• Exercise directions: When the line with "unfurnished bedroom with" appears below, start repeating lines exactly, and keep going through the line with "Brand new Regency"; add nothing outside that span.

Records excerpted from a collection:
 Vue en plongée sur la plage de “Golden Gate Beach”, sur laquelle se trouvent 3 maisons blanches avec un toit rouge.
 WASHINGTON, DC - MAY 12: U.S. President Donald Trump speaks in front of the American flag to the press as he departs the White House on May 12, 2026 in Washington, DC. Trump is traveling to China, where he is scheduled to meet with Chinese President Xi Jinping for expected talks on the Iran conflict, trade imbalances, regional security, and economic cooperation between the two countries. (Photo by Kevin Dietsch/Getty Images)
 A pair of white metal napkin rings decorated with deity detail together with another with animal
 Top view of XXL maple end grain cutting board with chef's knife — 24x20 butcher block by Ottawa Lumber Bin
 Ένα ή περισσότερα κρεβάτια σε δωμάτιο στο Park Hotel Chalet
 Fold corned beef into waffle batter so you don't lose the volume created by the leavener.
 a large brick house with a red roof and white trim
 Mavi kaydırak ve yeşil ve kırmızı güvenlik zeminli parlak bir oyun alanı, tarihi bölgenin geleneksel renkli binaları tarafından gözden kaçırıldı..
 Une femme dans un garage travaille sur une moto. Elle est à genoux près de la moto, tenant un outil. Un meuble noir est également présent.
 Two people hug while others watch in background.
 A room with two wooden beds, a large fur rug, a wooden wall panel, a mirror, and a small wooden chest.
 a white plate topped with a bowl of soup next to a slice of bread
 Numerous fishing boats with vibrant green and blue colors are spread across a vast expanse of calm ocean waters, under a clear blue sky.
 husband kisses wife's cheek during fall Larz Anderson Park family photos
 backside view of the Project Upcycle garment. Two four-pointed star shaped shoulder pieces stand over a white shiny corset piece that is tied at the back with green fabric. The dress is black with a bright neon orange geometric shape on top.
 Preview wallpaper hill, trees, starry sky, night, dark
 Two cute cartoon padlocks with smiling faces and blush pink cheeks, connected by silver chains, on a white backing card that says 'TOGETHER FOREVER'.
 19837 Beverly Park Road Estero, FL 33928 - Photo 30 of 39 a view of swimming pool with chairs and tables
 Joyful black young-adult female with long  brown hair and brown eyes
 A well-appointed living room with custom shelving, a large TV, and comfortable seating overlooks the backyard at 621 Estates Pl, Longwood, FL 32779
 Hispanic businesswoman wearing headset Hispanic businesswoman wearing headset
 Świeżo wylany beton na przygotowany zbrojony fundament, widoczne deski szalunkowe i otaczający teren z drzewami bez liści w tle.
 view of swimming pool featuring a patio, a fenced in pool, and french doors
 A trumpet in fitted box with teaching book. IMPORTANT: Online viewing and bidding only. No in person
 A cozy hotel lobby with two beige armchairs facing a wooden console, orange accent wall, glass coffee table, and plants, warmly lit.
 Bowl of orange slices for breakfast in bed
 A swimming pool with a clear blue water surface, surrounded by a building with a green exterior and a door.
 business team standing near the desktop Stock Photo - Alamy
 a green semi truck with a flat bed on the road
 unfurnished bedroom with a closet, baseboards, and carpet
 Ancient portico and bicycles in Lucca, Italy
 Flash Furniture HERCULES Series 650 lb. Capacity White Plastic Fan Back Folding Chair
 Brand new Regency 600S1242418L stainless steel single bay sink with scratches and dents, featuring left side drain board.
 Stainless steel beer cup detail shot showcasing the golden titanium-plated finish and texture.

• Answer for this exercise:
 unfurnished bedroom with a closet, baseboards, and carpet
 Ancient portico and bicycles in Lucca, Italy
 Flash Furniture HERCULES Series 650 lb. Capacity White Plastic Fan Back Folding Chair
 Brand new Regency 600S1242418L stainless steel single bay sink with scratches and dents, featuring left side drain board.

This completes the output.